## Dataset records
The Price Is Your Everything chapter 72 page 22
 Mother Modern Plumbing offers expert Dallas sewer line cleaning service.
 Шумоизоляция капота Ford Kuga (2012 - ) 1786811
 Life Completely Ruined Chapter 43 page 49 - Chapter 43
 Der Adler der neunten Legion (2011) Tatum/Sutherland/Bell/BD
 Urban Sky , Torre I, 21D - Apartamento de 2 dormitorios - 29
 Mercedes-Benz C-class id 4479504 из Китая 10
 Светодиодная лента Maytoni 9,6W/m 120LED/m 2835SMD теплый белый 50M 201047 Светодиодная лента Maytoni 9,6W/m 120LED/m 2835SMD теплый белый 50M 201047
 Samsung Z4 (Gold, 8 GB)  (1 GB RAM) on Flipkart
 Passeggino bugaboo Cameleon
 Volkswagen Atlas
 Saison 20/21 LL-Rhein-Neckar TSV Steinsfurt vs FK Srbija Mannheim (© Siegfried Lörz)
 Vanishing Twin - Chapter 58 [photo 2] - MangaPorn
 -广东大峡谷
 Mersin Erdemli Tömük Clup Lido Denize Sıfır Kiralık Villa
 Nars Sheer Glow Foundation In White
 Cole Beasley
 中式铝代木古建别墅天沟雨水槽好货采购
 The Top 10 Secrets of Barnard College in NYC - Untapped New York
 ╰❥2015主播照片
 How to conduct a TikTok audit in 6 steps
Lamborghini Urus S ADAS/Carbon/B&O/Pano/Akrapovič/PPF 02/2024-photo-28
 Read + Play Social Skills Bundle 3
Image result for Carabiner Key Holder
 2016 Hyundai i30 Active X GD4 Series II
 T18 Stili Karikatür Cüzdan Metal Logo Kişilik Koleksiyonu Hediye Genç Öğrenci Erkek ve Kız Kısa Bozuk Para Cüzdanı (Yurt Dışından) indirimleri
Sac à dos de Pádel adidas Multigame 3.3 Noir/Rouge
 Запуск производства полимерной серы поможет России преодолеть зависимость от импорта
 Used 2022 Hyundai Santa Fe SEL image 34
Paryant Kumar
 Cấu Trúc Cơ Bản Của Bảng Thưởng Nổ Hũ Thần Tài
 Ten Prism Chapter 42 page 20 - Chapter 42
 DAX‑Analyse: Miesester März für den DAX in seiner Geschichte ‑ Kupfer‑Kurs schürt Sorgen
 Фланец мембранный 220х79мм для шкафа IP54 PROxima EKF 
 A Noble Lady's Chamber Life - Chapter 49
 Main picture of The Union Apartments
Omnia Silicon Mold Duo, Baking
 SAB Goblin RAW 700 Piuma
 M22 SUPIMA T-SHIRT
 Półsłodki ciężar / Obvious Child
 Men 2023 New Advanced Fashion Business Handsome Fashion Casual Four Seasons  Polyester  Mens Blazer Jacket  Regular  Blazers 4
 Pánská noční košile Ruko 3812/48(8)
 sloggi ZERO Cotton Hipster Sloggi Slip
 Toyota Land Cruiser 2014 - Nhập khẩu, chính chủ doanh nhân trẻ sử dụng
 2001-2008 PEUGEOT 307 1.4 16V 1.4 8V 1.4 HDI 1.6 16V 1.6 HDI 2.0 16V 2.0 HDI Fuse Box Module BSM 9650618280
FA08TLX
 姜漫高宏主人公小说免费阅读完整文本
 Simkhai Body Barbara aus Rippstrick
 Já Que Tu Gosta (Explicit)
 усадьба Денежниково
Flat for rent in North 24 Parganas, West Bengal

## Task to carry out
Using the entries above, quote each line verbatim from the first through the line that contains "Ten Prism Chapter 42 page 20 - Chapter 42".

## Output for this exercise
The Price Is Your Everything chapter 72 page 22
 Mother Modern Plumbing offers expert Dallas sewer line cleaning service.
 Шумоизоляция капота Ford Kuga (2012 - ) 1786811
 Life Completely Ruined Chapter 43 page 49 - Chapter 43
 Der Adler der neunten Legion (2011) Tatum/Sutherland/Bell/BD
 Urban Sky , Torre I, 21D - Apartamento de 2 dormitorios - 29
 Mercedes-Benz C-class id 4479504 из Китая 10
 Светодиодная лента Maytoni 9,6W/m 120LED/m 2835SMD теплый белый 50M 201047 Светодиодная лента Maytoni 9,6W/m 120LED/m 2835SMD теплый белый 50M 201047
 Samsung Z4 (Gold, 8 GB)  (1 GB RAM) on Flipkart
 Passeggino bugaboo Cameleon
 Volkswagen Atlas
 Saison 20/21 LL-Rhein-Neckar TSV Steinsfurt vs FK Srbija Mannheim (© Siegfried Lörz)
 Vanishing Twin - Chapter 58 [photo 2] - MangaPorn
 -广东大峡谷
 Mersin Erdemli Tömük Clup Lido Denize Sıfır Kiralık Villa
 Nars Sheer Glow Foundation In White
 Cole Beasley
 中式铝代木古建别墅天沟雨水槽好货采购
 The Top 10 Secrets of Barnard College in NYC - Untapped New York
 ╰❥2015主播照片
 How to conduct a TikTok audit in 6 steps
Lamborghini Urus S ADAS/Carbon/B&O/Pano/Akrapovič/PPF 02/2024-photo-28
 Read + Play Social Skills Bundle 3
Image result for Carabiner Key Holder
 2016 Hyundai i30 Active X GD4 Series II
 T18 Stili Karikatür Cüzdan Metal Logo Kişilik Koleksiyonu Hediye Genç Öğrenci Erkek ve Kız Kısa Bozuk Para Cüzdanı (Yurt Dışından) indirimleri
Sac à dos de Pádel adidas Multigame 3.3 Noir/Rouge
 Запуск производства полимерной серы поможет России преодолеть зависимость от импорта
 Used 2022 Hyundai Santa Fe SEL image 34
Paryant Kumar
 Cấu Trúc Cơ Bản Của Bảng Thưởng Nổ Hũ Thần Tài
 Ten Prism Chapter 42 page 20 - Chapter 42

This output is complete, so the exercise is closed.